Muhafazakâr cenah konforlu bir hayat standardı yakalayıp sınıf atladığına inanmaya başladığı vakitlerden bu yana siyaset, devlet, toplum, akademi, sivil toplumuyla neyi hatırlayacağını da neyi unutacağını da Ulu Önder ve Resmi İdeoloji perspektifinden belirler oldu. Tarihsel ve toplumsal gelişmeleri laikleştirip ulusal kimliğe bağlama trendi süratle yükselişe geçti. Toplumsal ve siyasal hayatın şeref ve özgürlüğe kavuşmasını doğrudan ve sadece Mustafa Kemal ve Kemalist devlet geleneğine bağlayarak hem beka kaygısının giderileceği hem de model ülke cazibesinin perçinleneceği öngörülür oldu. Böylelikle ulusalcı perspektifle iyice benzeşen, iktidarsız yaşanamayacağına ikna olmuş muhafazakâr siyasal kimlik de artık tarihi hakikatleri ortaya çıkarma, ana hatla-sapma arasındaki mücadele üzerine görüş belirtme, hukuk devleti söylemiyle çelişen teamüllerle mücadele etme yönündeki tüm gayretleri “bozgunculuk” şeklinde yaftalamayı eşsiz bir marifet belledi.
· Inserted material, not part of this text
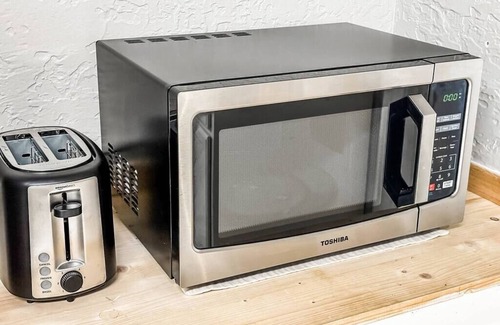 Anniston House | Nichole's Nest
Acı ama muhafazakâr siyaset, medya ve sivil toplum resmi ideoloji, semboller ve söylemlerin hakikati nasıl tahrif ettiğini tartışmaktan, zulüm ve ifsad politikalarının bizzat devlet eliyle nasıl tahkim edildiğini konuşmaktan imtina ettikçe duygu, düşünce ve davranış modelleri itibariyle iyice Kemalizme yanaştı. Öyle ki; yirmi yıla yaklaşan iktidar sürecinde muhafazakâr çevreler seküler-ulus devletin asli sahibimmişçesine havalara girdi, muhalifi ve mağduru olduğu Kemalist teamüllere meşruiyet ve zaruret atfederek geleceği teminat altına alabileceği üzerine güya şaşmayacak hesaplar yapar oldu. Siyaset, bürokrasi ve sermayeden aldığı paylar büyüdükçe muhafazakâr-dindar kimlik belli sembollere bağlılıkla kayıtlayıp rahatlattı kendini ama seküler-ulusalcı hayat tarzı en çirkin halleriyle asli istikameti belirler oldu. 
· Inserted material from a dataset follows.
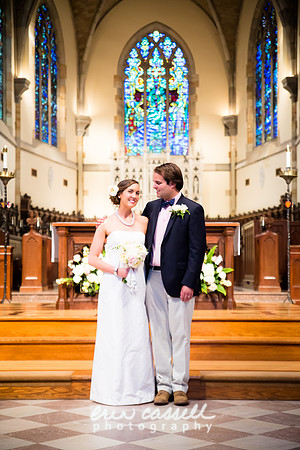 york_mann-wedding-237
Yanlışın, kötünün, çirkinin, suçun, günahın küçüğü, önemsizi olmuyor. Şimdilik günaha, suça, yanlışa cevaz verenler daha büyük günahlara ve günahların kitleselleşmesine davetiye çıkarıyorlar sadece. Hukukun esas alınmasından, adaletin tahkim edilmesinden, merhamet duygularının hâkim kılınmasından hiç ama hiç kimse zarar görmez oysa. Kemalist ideoloji ve teamülleri bizzat sahiplerine hayır, huzur, refah ve güven getirmedi ki muhafazakâr siyaset ve kitleler oradan bir meşruiyet ve kudret devşirmeye yelteniyorlar. Tarih değil Sünnetullah kitlelerin yanlışta inadını affetmez ve önceki toplumlar için geçerli olan kanununu devreye sokmakta asla tereddüt etmez.